Material shown Start Marker

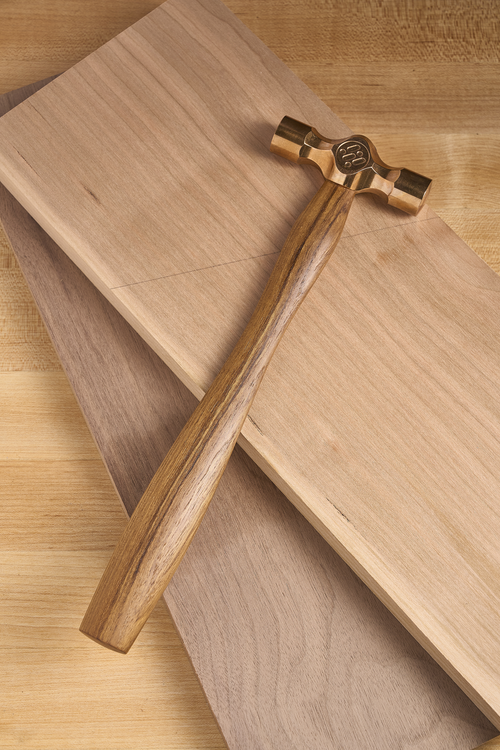 Cross peen hammer with brass head and wooden handle resting on wood boards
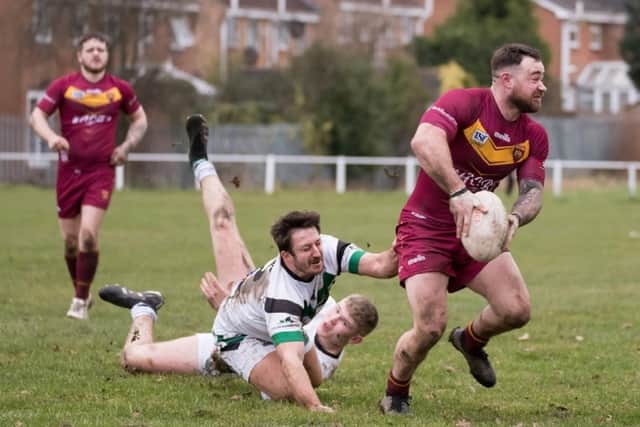 Ryan Crossley was at the heart of the action for Dewsbury Moor Maroons against Wigan St Judes. Picture: John Devine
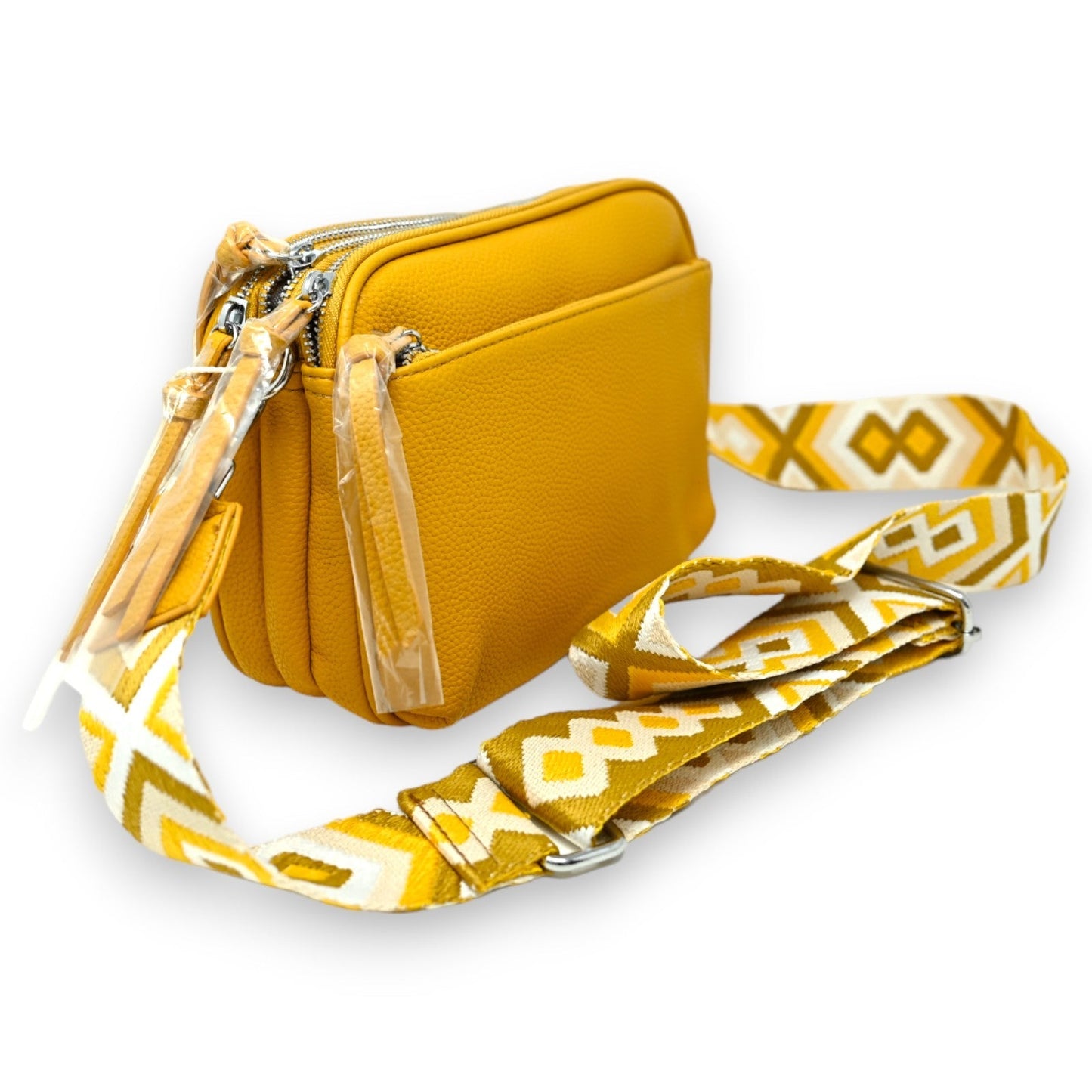 Senfgelbe quadratische Umhängetasche mit Reißverschluss und geometrisch gemustertem Schulterriemen auf weißem Hintergrund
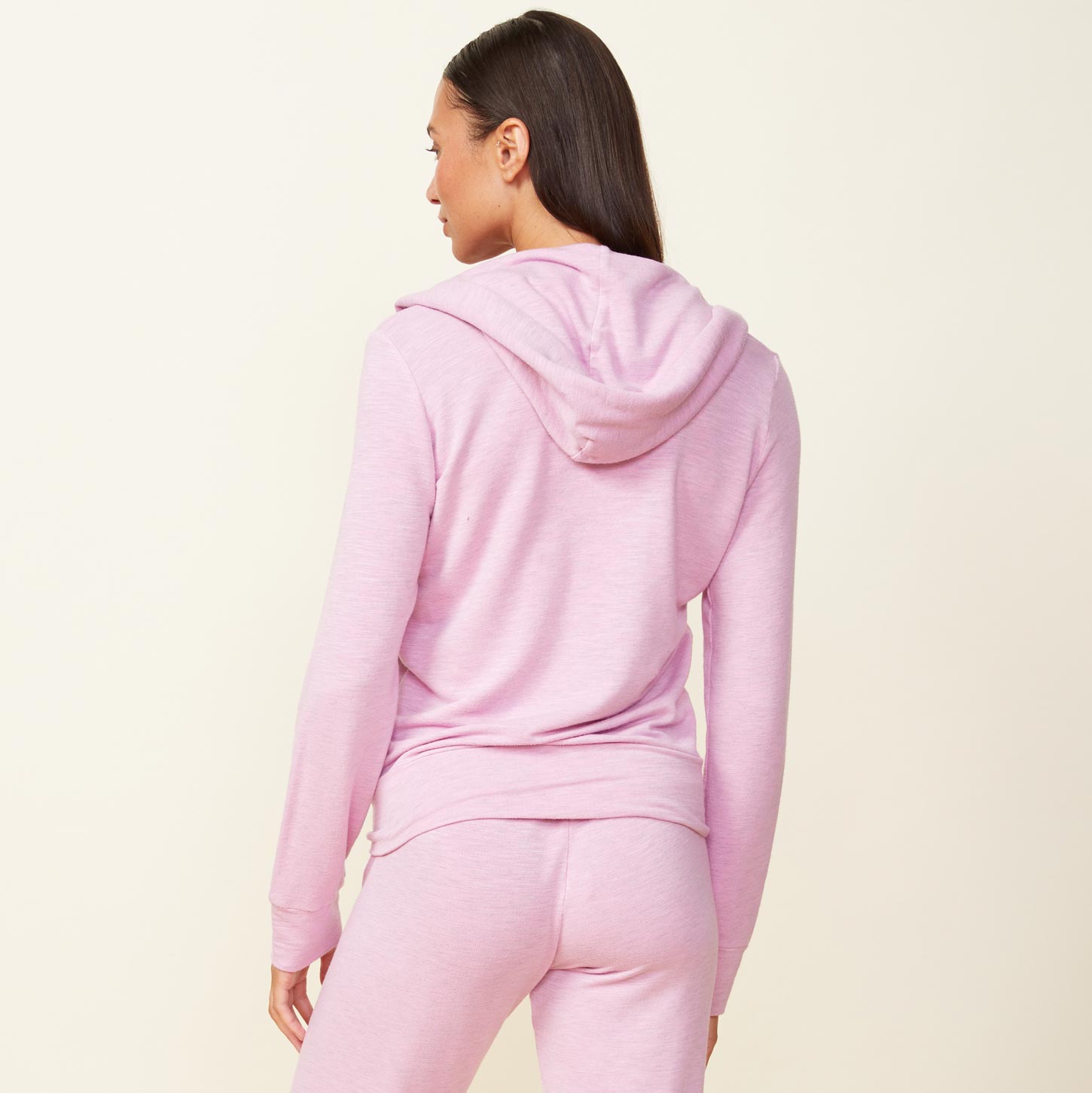 Back view of model wearing the supersoft zip up hoody in pink lavender.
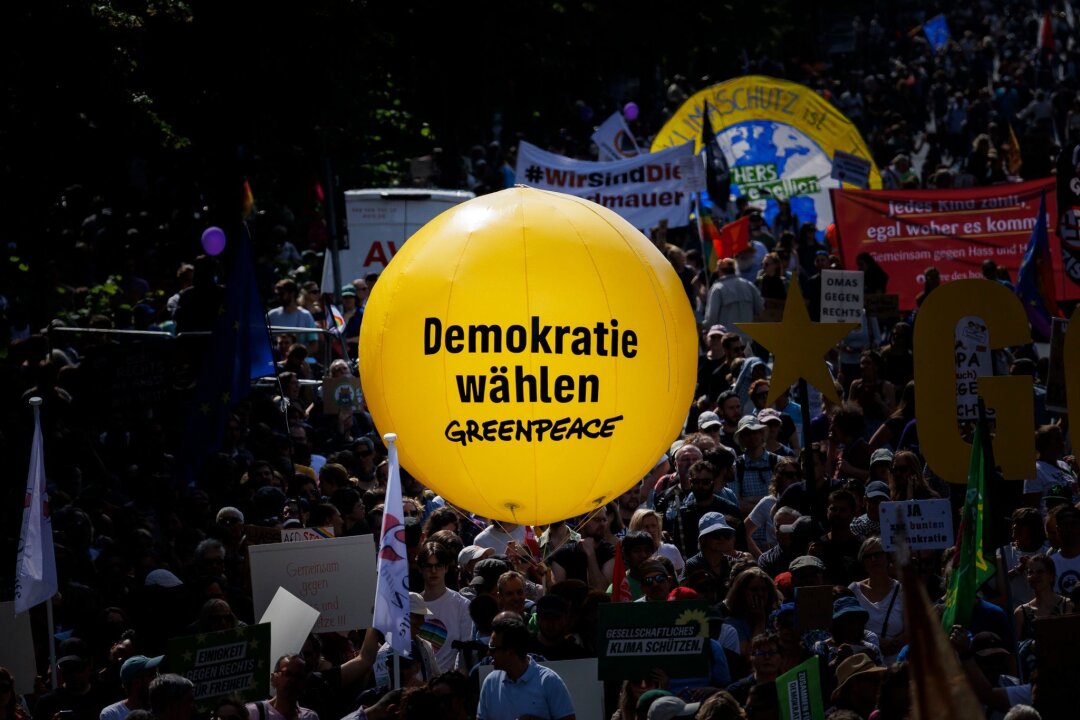 Sachsen-SPD enttäuscht vom Ergebnis der Europawahl - Teilnehmer halten einen gelben Ballon von Greepeace mit dem Text "Demokratie Wählen" bei einer Demonstration an der Siegessäule am Tag vor den Europawahlen gegen Rechtsextremismus und für eine demokratische, offene und vielfältige Gesellschaft.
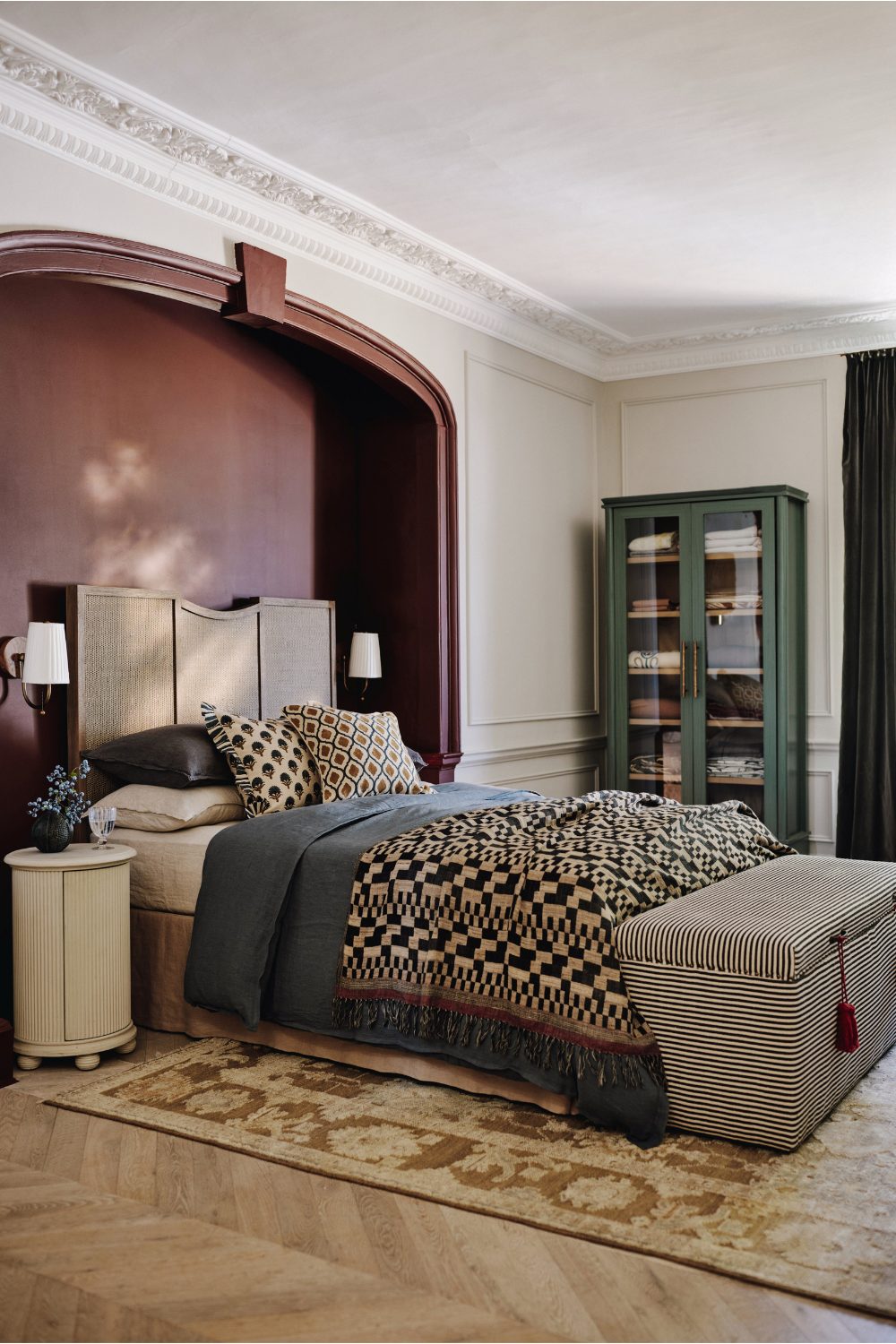 Bed with patterned blanket and striped ottoman in dark red wall recess, next to green glass-fronted cabinet and white bedside table on wooden floor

Material shown End Marker

- Aim of the task
In the records above, locate the line containing "Senfgelbe quadratische Umhängetasche", then copy exactly that line and every line after it through the end, omitting pictures.

- Response to this exercise
 Senfgelbe quadratische Umhängetasche mit Reißverschluss und geometrisch gemustertem Schulterriemen auf weißem Hintergrund
 Back view of model wearing the supersoft zip up hoody in pink lavender.
 Sachsen-SPD enttäuscht vom Ergebnis der Europawahl - Teilnehmer halten einen gelben Ballon von Greepeace mit dem Text "Demokratie Wählen" bei einer Demonstration an der Siegessäule am Tag vor den Europawahlen gegen Rechtsextremismus und für eine demokratische, offene und vielfältige Gesellschaft.
 Bed with patterned blanket and striped ottoman in dark red wall recess, next to green glass-fronted cabinet and white bedside table on wooden floor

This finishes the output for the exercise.